Los cítricos dan un resultado estupendo en la repostería convirtiendo al más sencillo de los bizcochos en un auténtico manjar.
Espero que os animéis a hacer esta delicia, ya que estamos en temporada de naranjas, en casa gustará a todos!
(Para un molde de corona de 24 cm)
225 grs. de mantequilla sin sal a temperatura ambiente.
200 grs. de azúcar.
4 huevos L.
120 ml. de leche entera.
120 ml. de zumo o jugó de naranja.
La ralladura de dos naranjas.
360 grs. de harina de trigo.
1 Cdta. de levadura química o polvos de hornear.
1 Cdta. de bicarbonato de sodio.
Una pizca de sal.
200 grs. de azúcar.
200 ml. de agua.
El zumo o jugó de media naranja.
Un chorreón de licor de anís (aguardiente).
Azúcar glas para espolvorear.
Mezclamos la leche con el zumo de naranja, reservamos.
Tamizamos la harina junto con la levadura y el bicarbonato, reservamos.
Batimos la mantequilla junto con el azúcar y la pizca de sal a velocidad media, 5 minutos.
Añadimos los huevos de uno en uno (cuando se haya integrado el primero añadiremos el siguiente).

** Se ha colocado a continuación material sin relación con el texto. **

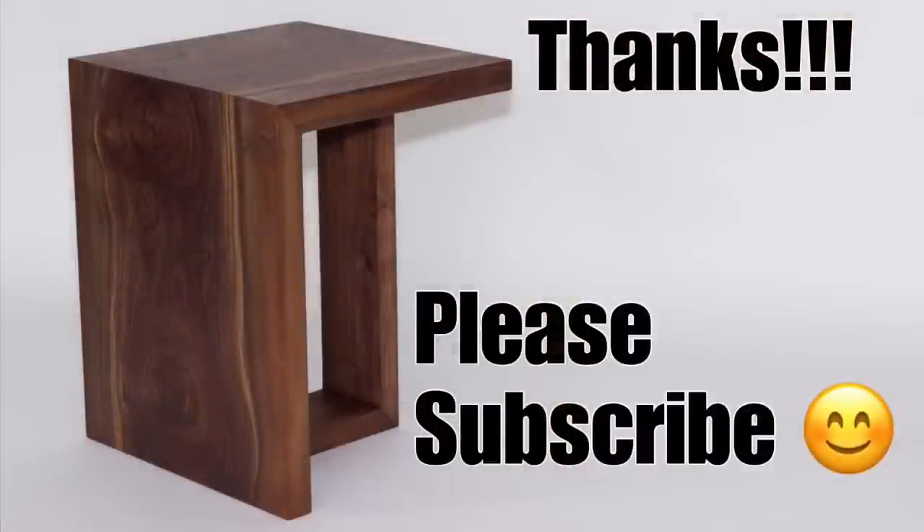Okay, that's my whole build. Thanks so much for watching — if I left anything out, please ask me in the comments and I'll answer any questions you may have. As always, if you enjoyed this video please subscribe. Thanks!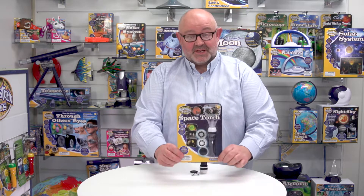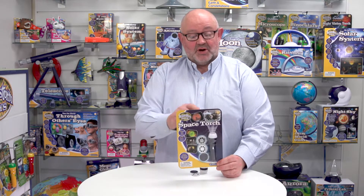This is Space Torch from Brainstorm Toys. You can see it's packaged on a backer card with a Eurohook so it goes on a hanging fixture, but we can also supply CDUs as well. On the back of the pack you can see that this comes in five languages: English, French, German, Italian and Spanish.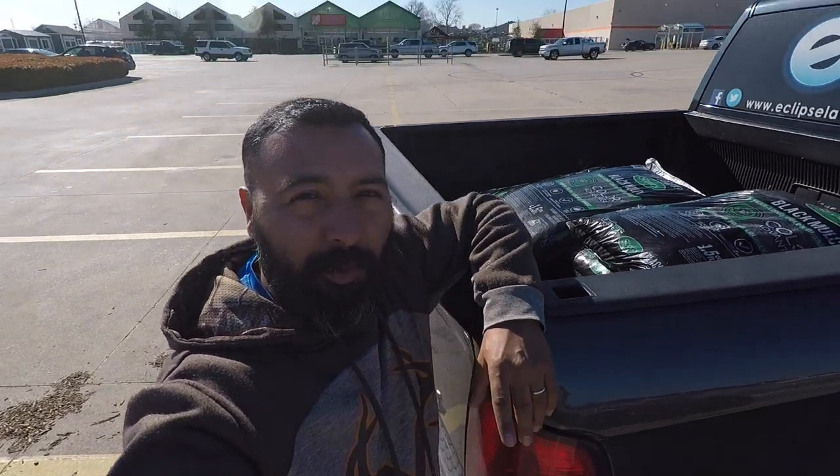What's up fellas, it's your boy Mark B with Eclipse Lawn Care. I'm over here at Home Depot — had to pick up 10 more bags of black mulch. At the property we were at last time, the guys are out there right now prepping the right side of the flower bed which we didn't get done. We're gonna scalp the monkey grass that's there and add the rest of this mulch.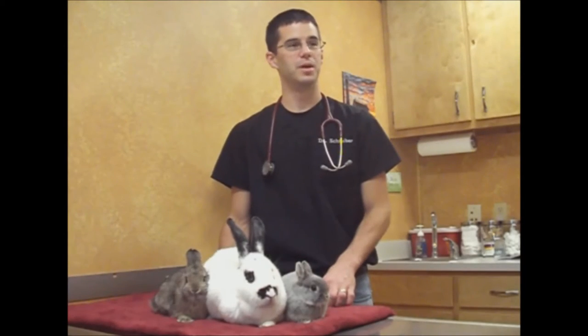It's very very important the way that you pick them up. They have incredibly strong rear legs which is what makes them able to jump and leap as well as they can, but that powerful kick and those powerful muscles can actually be a problem if you pick them up the wrong way.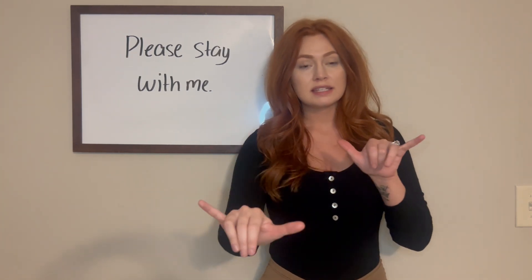So please, stay. For 'stay,' you're going to take both your hands in your Y handshape. You're going to have them in the same area but then you're going to push your dominant hand forward. Stay with me.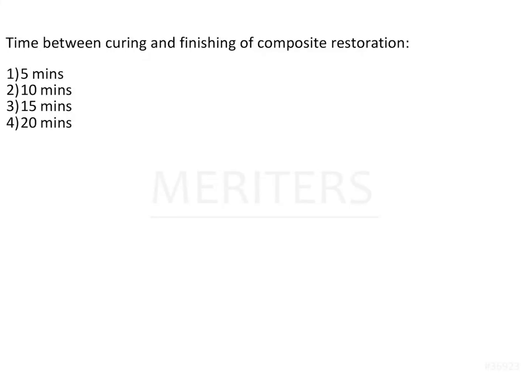The question here is: the time between curing and finishing of a composite restoration is — 5 minutes, 10 minutes, 15 minutes, or 20 minutes. So as we all know, composite restorations have now become a very important trend in dentistry.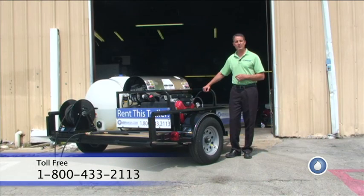If there's anything we can do for you here at PowerWash.com to help you get set up with this rental trailer, please give us a call. Our number is 1-800-433-2113, or you can find us on the web at www.PowerWash.com. Thank you and have a great day.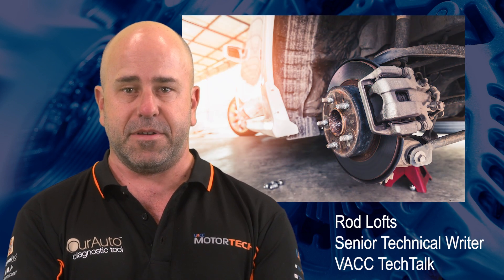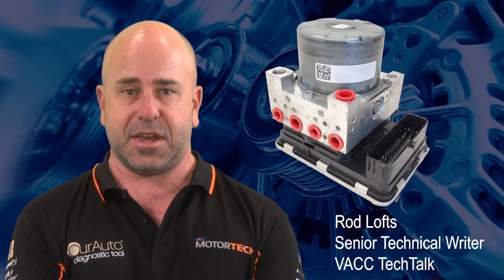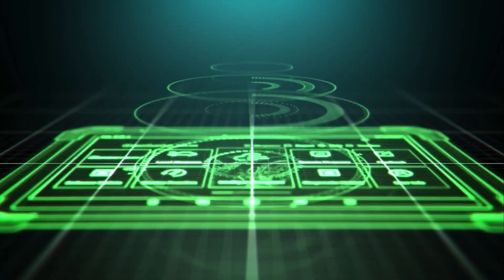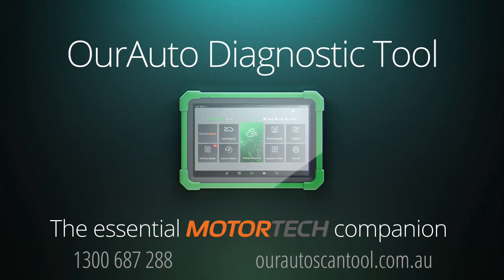Brake pad replacement should be a routine task for most vehicles. However, the Holden Equinox has a specific procedure that must be followed to avoid costly damage, which could easily catch out a technician if they are unaware. This edition of Tech Tips is proudly brought to you by the new Auto Diagnostic Tool, The Essential Motor Tech Companion.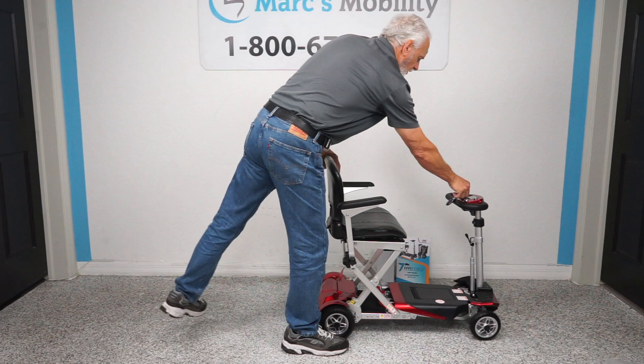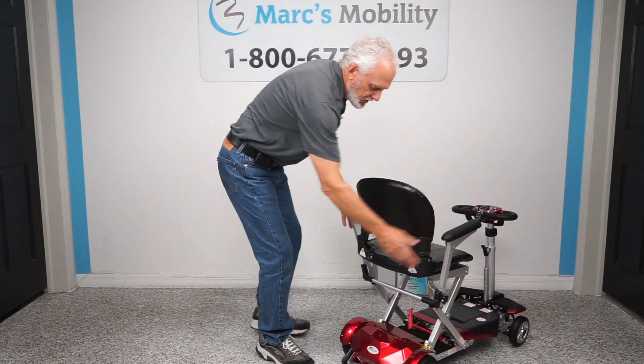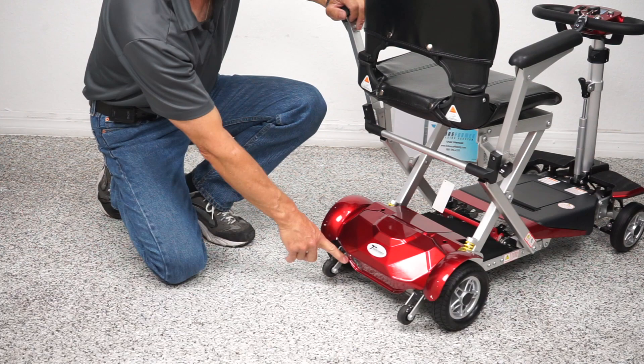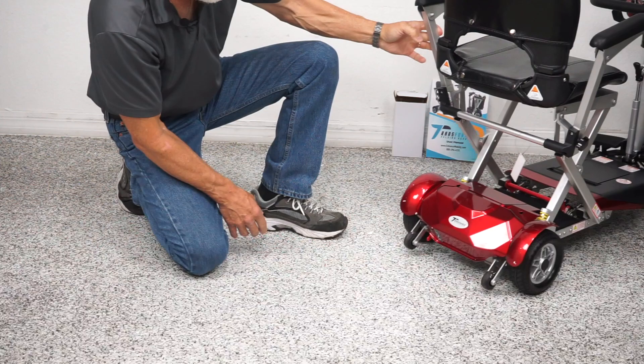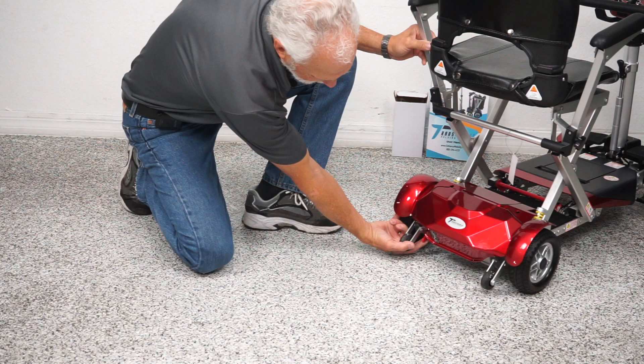Turn the power back on. You can see in the back of the scooter you have anti-tip wheels. You have a lever right here — if you turn the power off, the reason you want the power off is if you're going to put it in neutral so you can roll it. Push the lever down and now you're in neutral. Then push it back up and you're back in gear.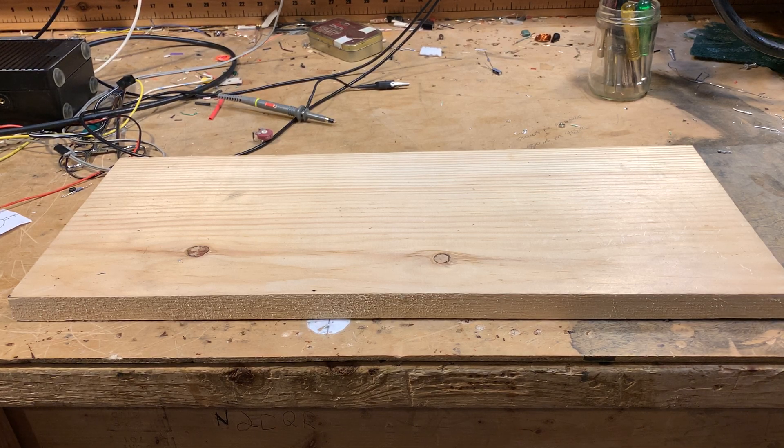Hey, this is Bill, N2CQR. I just wanted to give you guys an update on a recent project here.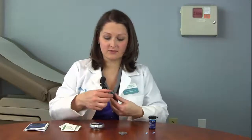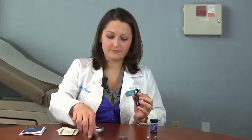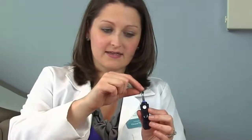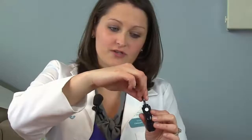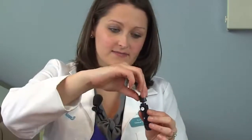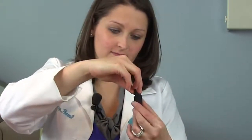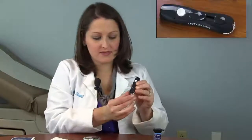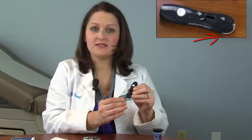The first thing that we need to do is take our lancing device, twist off the top, insert the lancet into the lancing device, and press down. The top of the lancet should then twist off the lancing device. It's important to also note the dial on the bottom of the lancing device can adjust the depth of the needle that's used to prick our finger.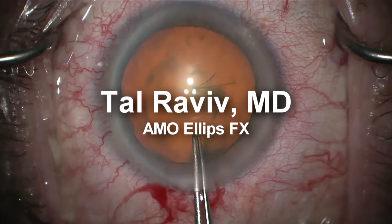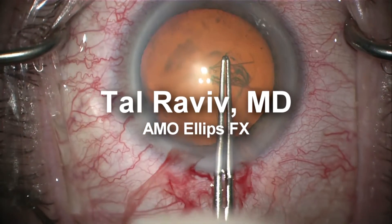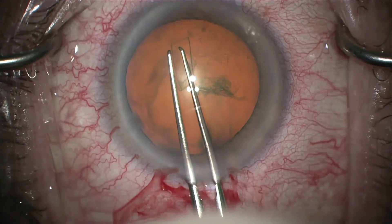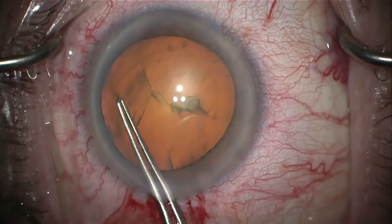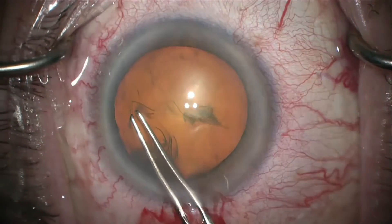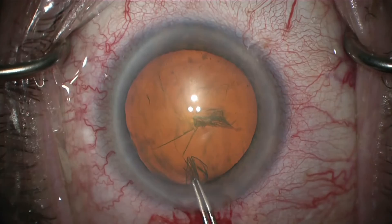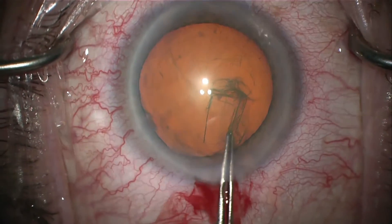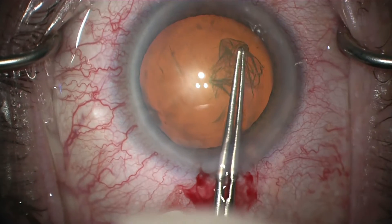This is a demonstration of cataract surgery using the AMO Signature Ellipse FX handpiece. I begin by constructing a continuous 5.5mm capsulorrhexis. You can see the beautiful red reflex afforded by the optics of the Zeiss Omero microscope.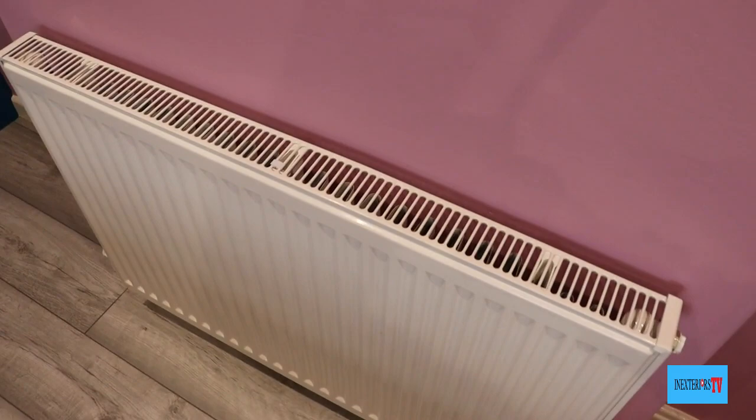Don't forget to like and subscribe so you can get notified when I release my next video — it's free. Also, if you want to leave a comment in the comment section please do, because that's how we all learn and grow. Thank you very much for watching, and take care.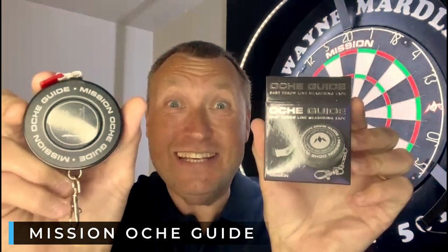Well look, hockey guide — that's what you've got. And even on there, look: five foot eight to the bullseye, nine foot seven and a quarter to the hockey, or nine foot nine and a quarter from the bullseye down to the hockey.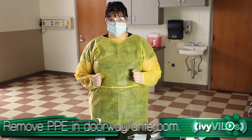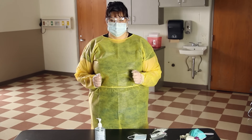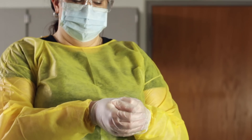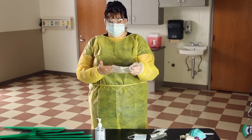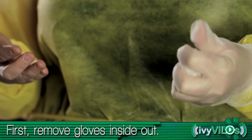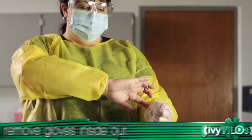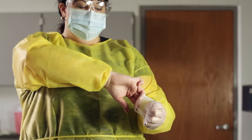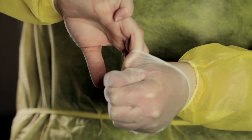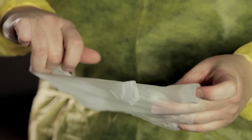Remove personal protective equipment at the doorway or in an anteroom. Remove gloves by removing the first glove inside out with the other gloved hand. Hold the contaminated glove in the palm of the gloved hand. Slide fingers of the ungloved hand under the remaining glove at the wrist, peeling it off inside out. Take care not to touch the outside of the glove.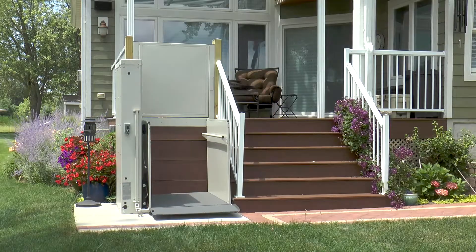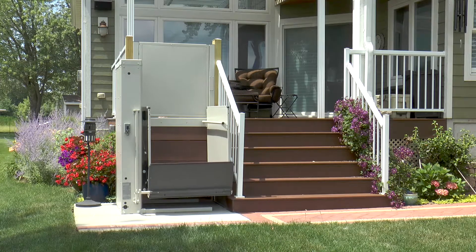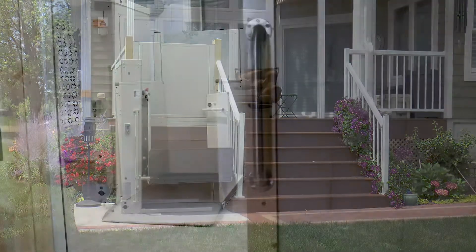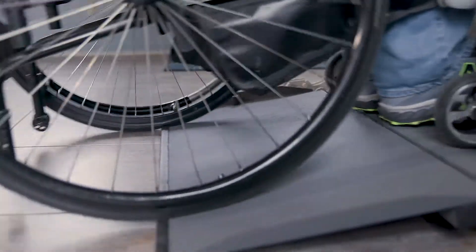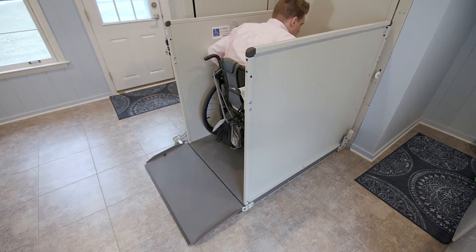Bruno Vertical Platform Lifts give people in scooters and wheelchairs the ability to easily enter and exit their homes. Installed indoors or outdoors, a Bruno Vertical Platform Lift provides alternative access to an entryway, deck, or basement.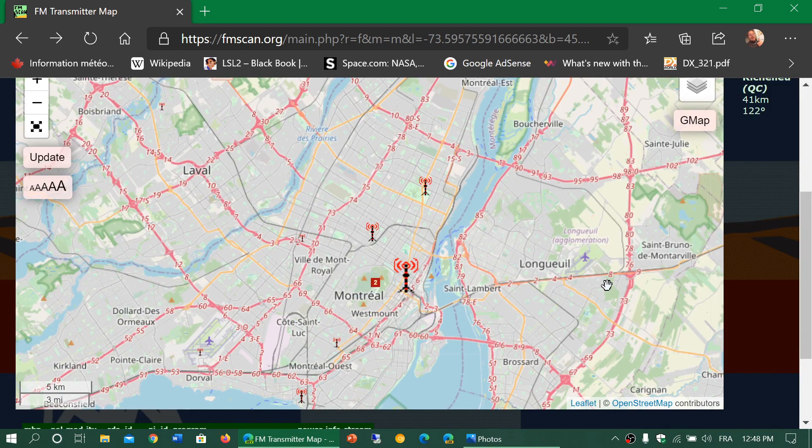A couple of years ago somebody mentioned they were surprised by the number of radios I have that experience FM breakthrough. When you look at fmscan.org, which gives you information about transmitter power and locations, that person was extremely amazed at the amount of FM RF power here. If you have a poor FM receiver, it gets overloaded by all the stations — it's almost difficult to tune, that's how powerful the signals are in Montreal. That is working against me with this antenna, which is why I get breakthrough everywhere.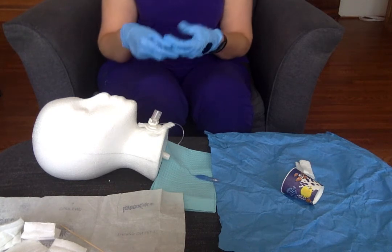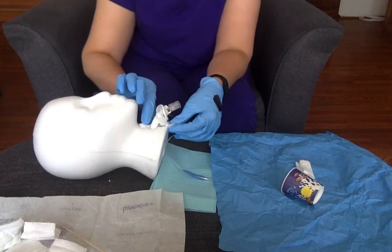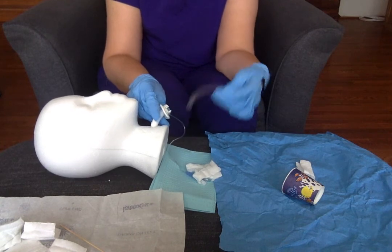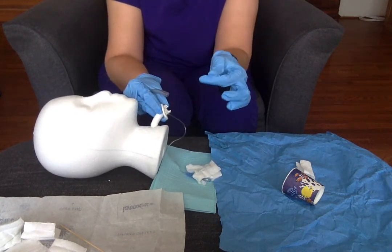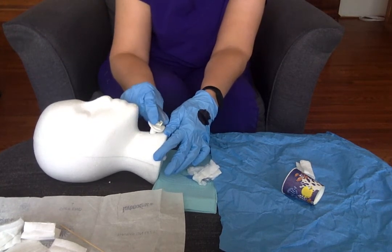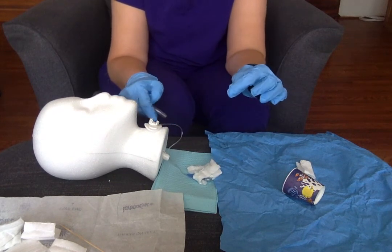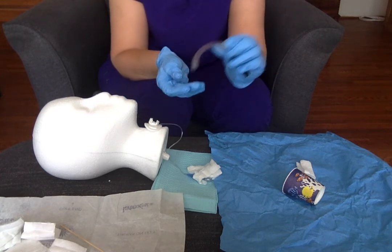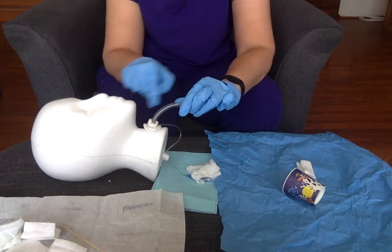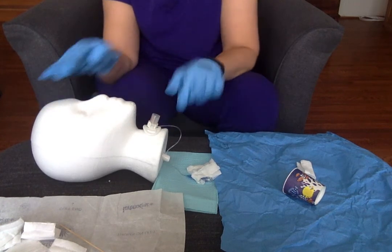For emergency purposes, we always keep an entire extra tracheostomy tube at the head of the bed — you should have the same size and one size smaller, that way you can get it in. If you had to put this in, there's a little obturator that goes in here instead of the inner cannula. You want to lubricate the end and then slide the whole thing into your patient. You have to pull that plastic obturator out because it's blocking the tube, and then put in your inner cannula. I can touch the end, but I want this part to stay sterile — pinch these little guys to clip it down. Don't just push really hard.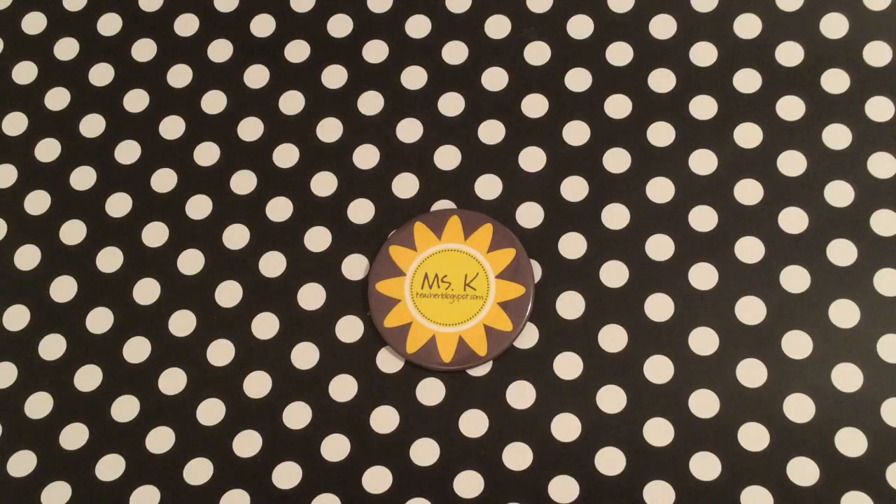Hello, it's Miss Kay from Teacher Blogspot. I'm here to tell you about how to multiply by threes on your fingers. Kids can use their hands as a tool to learn to multiply by threes.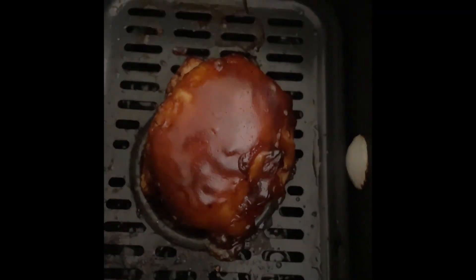Then I'll throw that in the blender, add a little bit of salt and about four tablespoons of water, and blend it all up. If you want to give it a little better taste, you can sprinkle in some chicken bouillon — I use Knorr. Easy recipe!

Agregamos la mezcla de harina en dos veces alternandola con la mezcla de leche y zumo de naranja, batimos a la velocidad más baja que tenga la batidora hasta integrarlo todo.
Engrasamos el molde, echamos la masa, alisamos la superficie y le damos unos golpecitos al molde para asentar la masa.
Metemos en el horno precalentado a 170° grados, 40 minutos aproximadamente.
Comprobamos que está hecho pinchando con un palito, debe de salir limpio, de no ser así, dejamos unos minutos más.
Sacamos del horno y dejamos reposar sobre una rejilla mientras hacemos el almíbar.
Ponemos un cazo al fuego con el azúcar, el agua, el zumo de naranja y el chorreón de licor de anís, dejamos hervir unos minutos y apartamos del fuego.
Con un palito de brocheta agujereamos el bizcocho por toda la base y echamos el almíbar por encima repartiendolo bien por todas partes.
Dejamos enfriar por completo dentro del molde sobre una rejilla.
Pasado el tiempo, desmoldamos y espolvoreamos con azúcar glas.